Task requirements
Among the entries below, take the line with "Map of Tushar Ridge" and the line with "Gerenciamento de snapshots", and output them and every line between them exactly, with nothing else.

Input
============================================================

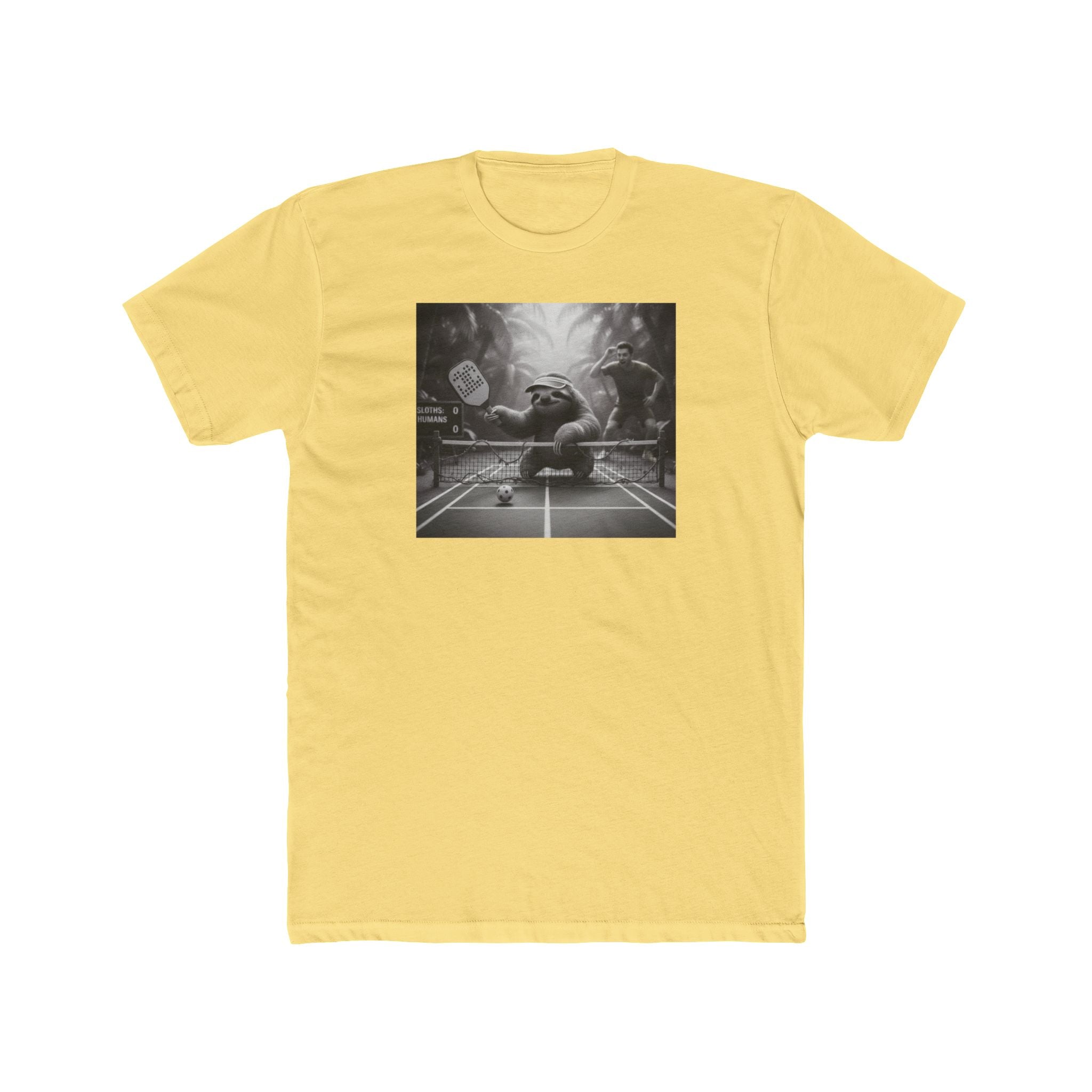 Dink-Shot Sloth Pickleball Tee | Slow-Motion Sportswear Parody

============================================================

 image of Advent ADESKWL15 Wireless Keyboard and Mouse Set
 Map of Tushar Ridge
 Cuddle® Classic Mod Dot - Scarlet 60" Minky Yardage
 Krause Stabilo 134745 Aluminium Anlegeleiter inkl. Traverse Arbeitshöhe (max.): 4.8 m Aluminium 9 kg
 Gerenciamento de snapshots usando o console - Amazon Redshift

============================================================

The answer
 Map of Tushar Ridge
 Cuddle® Classic Mod Dot - Scarlet 60" Minky Yardage
 Krause Stabilo 134745 Aluminium Anlegeleiter inkl. Traverse Arbeitshöhe (max.): 4.8 m Aluminium 9 kg
 Gerenciamento de snapshots usando o console - Amazon Redshift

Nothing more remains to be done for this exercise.